SOURCE MATERIAL
▼

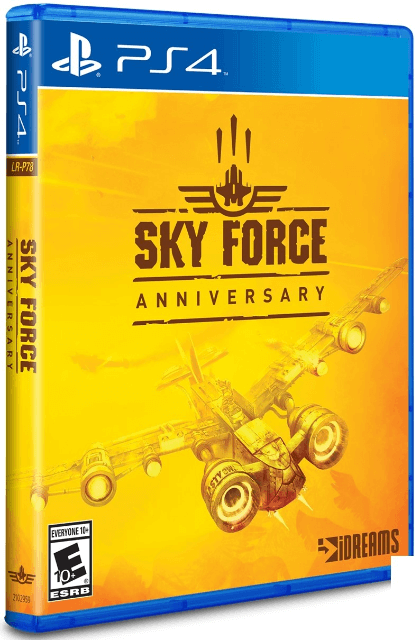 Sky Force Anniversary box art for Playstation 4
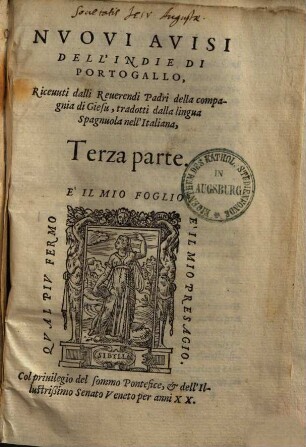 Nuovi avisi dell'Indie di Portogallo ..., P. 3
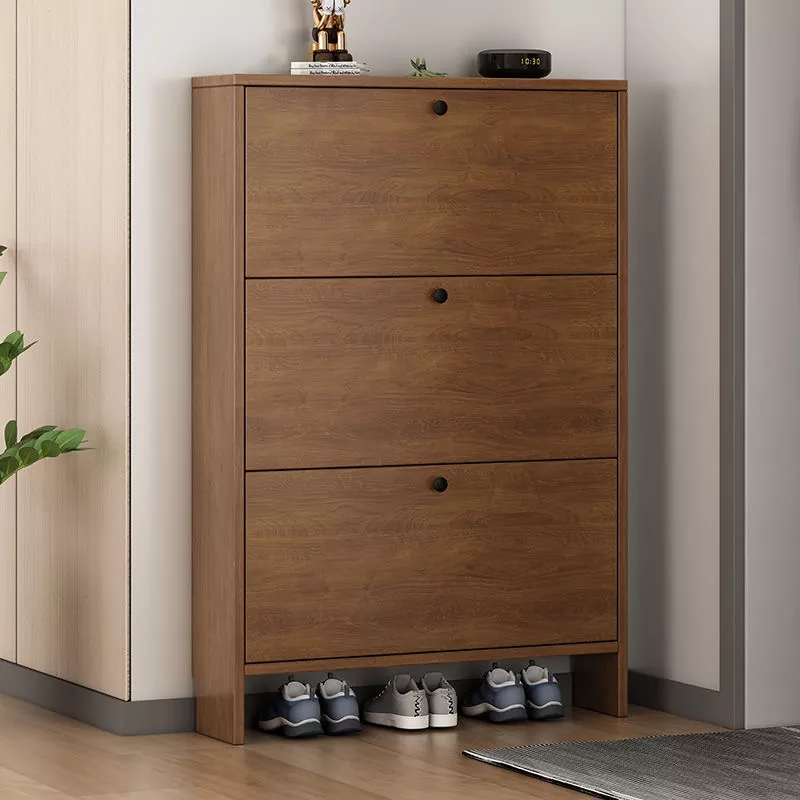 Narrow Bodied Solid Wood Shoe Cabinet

▲

WORK TASK
Exactly the lines from the one with "Nuovi avisi dell'Indie" through the end of the listing above are to be repeated, with no pictures.

RESPONSE BELOW
 Nuovi avisi dell'Indie di Portogallo ..., P. 3
 Narrow Bodied Solid Wood Shoe Cabinet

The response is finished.